Monday, November 17, 2008





I have learned to live each day as it comes, and not
to borrow trouble by dreading tomorrow. It is the dark
menace of the future that makes cowards of us.

- Dorothy Dix, advice columnist, born on this day.
1861, in Montgomery Co., TN

This is my eulogy and my tribute to Mt. Calvary Monastery and Retreat House. Founded in 1947, a year after I was born, by the Order of the Holy Cross (of which I was a member for 15 years), and having survived many fires, it was completely destroyed by fire on Friday, November 14th, 2008.

The Mount was a glorious place! It perched high on a hilltop above the historic Santa Barbara Mission, looking out over English Bay, and Goleta, backdropped by the hills of the Los Padres National Forest. Filled with Spanish colonial furniture and liturgical objects and books and paintings and icons, filled with light, scented with jasmine, and settled in an atmosphere of quietness and contemplation and beauty, it was a place where, no matter how one felt when arriving, it wrapped you in healing and peace and the balm of silence. It was, to me, exquisite in every way.

Now it is gone, having changed very little in the 38 years since I first drove up its windy road to be enchanted by its utter beauty. How I remember standing by the wall as the sun rose out of thick white mist to bathe Mount Calvary in light, while the city below lay hidden.

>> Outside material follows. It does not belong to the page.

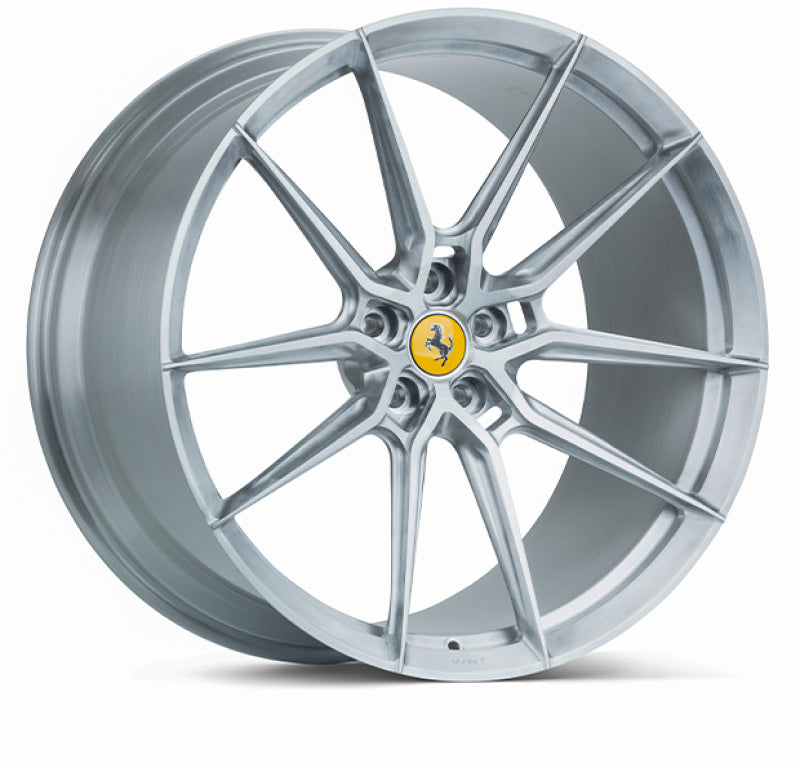 Vossen x Novitec NF9 21x11.5in - 5x114.3 BP - ET29 - Brushed Gloss Clear Ferrari 296 Rear Wheel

What will happen now is as yet undetermined. We are all still, including the brothers, in shock. But, Jesus Himself reminded us not to worry about tomorrow, that today has enough worries of its own. Live in the Present moment – which, in Christianity, is all there is, since the Present Moment includes all Time and Space.

For us, there is no “menace of the future”. It will unfold. The brothers will seek God’s guidance. They will make their decisions. The future is not fearful, nor makes us cowards. Things come things go, including our lives at sometimes unexpected moments. Any of us who have embraced the Gospel know that they are to be held lightly – but thoroughly enjoyed.

Thank you, exquisite Mt. Calvary. We have treasured you. Whatever future unfolds is ok.